FringeReview UK 2016
Following on from the success of My Stories, Your Emails, Olivier Award winning performance provocateur, Ursula Martinez, is back on her dirty soapbox, baring her soul (and possibly more), as she attempts to understand the absurdity of modern living.
Free Admission sees her building a real brick wall between herself and the audience, whilst revealing her hopes, fears, frustrations, delights and disappointments, both personal and universal.
A show which celebrates the inconsistencies and contradictions that make us human, whilst having a dig at some of the mess that is of our own making.
Ursula Martinez stands on stage in a white suit, looking for all the world like a nattily dressed estate agent, as opposed to the bricklayer that she turns into during the show. Informal opening to the show dispensed with, and a few revelations about her obsession with having a clean bum hole out the way, she moves behind the screen, and begins to brick herself up.
This show is a confessional, an insight into Martinez’ personal life, political viewpoint, but with some utterly banal thoughts thrown into the mix as well.

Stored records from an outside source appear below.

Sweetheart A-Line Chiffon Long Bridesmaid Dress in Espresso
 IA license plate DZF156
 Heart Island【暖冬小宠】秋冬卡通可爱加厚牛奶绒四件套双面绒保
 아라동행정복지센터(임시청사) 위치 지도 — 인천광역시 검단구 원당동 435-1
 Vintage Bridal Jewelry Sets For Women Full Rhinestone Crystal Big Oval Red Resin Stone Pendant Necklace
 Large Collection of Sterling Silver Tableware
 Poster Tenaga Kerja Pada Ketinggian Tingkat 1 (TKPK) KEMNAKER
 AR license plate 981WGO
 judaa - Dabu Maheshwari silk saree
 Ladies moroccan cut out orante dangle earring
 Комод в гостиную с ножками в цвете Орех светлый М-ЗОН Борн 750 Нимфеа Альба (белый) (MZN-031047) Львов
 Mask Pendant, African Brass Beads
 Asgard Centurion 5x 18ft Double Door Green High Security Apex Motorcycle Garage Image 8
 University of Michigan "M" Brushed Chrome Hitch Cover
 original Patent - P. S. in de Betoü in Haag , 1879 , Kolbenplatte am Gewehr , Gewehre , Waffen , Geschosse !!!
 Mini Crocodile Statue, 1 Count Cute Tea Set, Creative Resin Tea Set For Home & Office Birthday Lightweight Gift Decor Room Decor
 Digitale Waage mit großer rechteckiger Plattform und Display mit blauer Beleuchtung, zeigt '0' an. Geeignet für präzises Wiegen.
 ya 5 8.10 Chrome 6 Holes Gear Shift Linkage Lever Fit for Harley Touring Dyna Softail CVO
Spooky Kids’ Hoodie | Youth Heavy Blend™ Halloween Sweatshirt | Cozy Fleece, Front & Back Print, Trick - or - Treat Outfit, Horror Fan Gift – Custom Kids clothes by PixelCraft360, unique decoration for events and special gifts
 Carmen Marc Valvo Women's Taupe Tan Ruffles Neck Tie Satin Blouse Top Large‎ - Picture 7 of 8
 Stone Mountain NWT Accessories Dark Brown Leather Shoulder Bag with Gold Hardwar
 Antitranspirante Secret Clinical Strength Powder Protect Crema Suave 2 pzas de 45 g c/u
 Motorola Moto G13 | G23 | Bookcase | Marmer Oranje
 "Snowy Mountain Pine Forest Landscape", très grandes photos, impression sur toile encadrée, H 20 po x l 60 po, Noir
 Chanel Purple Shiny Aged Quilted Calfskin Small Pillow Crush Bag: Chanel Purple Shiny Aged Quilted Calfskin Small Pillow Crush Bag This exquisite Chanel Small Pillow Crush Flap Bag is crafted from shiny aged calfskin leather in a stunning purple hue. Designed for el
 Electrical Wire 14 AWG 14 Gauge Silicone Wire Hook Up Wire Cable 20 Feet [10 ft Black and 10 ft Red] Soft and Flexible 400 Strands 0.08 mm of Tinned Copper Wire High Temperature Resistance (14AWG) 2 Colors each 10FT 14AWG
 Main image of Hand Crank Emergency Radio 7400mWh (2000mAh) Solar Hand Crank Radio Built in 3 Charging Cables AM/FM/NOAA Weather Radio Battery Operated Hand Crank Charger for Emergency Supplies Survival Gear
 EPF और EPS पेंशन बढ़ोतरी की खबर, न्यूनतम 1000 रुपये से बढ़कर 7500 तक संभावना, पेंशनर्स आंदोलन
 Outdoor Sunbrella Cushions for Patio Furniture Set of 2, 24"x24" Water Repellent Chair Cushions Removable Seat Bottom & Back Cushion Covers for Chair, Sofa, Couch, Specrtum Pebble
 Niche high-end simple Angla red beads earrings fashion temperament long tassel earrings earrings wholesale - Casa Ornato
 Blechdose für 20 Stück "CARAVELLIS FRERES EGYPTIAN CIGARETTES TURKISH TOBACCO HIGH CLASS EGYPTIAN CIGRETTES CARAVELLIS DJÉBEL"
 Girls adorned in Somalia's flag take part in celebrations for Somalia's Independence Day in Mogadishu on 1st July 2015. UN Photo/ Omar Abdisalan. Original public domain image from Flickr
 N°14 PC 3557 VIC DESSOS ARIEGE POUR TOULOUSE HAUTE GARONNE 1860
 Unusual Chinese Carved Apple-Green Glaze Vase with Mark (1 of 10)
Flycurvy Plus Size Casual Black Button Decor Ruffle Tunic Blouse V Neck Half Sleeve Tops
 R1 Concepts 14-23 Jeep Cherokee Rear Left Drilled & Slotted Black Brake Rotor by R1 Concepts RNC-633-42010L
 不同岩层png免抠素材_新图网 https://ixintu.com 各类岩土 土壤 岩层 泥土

It jumps around, each statement delivered with equal importance, but only some having enough weight to sink in.
The piece is formulaic and almost rhythmic, each line beginning with the word ‘sometimes’, as she loads up a breezeblock with more cement and expertly taps it into place.
This repetition is an interesting stylistic choice, which is only broken up on a couple of occasions by Martinez coming forward to speak to the audience. At first it works for me – the building work provides a focus and obviously an important metaphor, where the less of her we see the more of herself she reveals. However, after a while the limitations of the ‘sometimes…’ format becomes a bit wearing, and as I realise that the show will continue in this way until the whole wall is built, my heart does sink slightly.
Martinez’ show covers a lot of ground; she dares the audience to laugh at her racist childhood chants, and very offensive Jamaican accent, before breaking our hearts with the story of her dad’s untimely death due to an understaffed NHS ward.
It is an intimate performance in which she reveals much of herself, culminating (somewhat predictably for someone who has made this her career) in her removing all of her clothes, taking a gurning selfie with an audience member, and running out of the theatre, her naked buttocks projected on her newly built wall as she jogs into the darkness.
This show is a departure for Martinez from cabaret into theatre, and on the whole it works. She is a woman with an engaging onstage presence, with much to say that is worth listening to, I just think that a little more variation in the show’s presentation would have made it a better piece.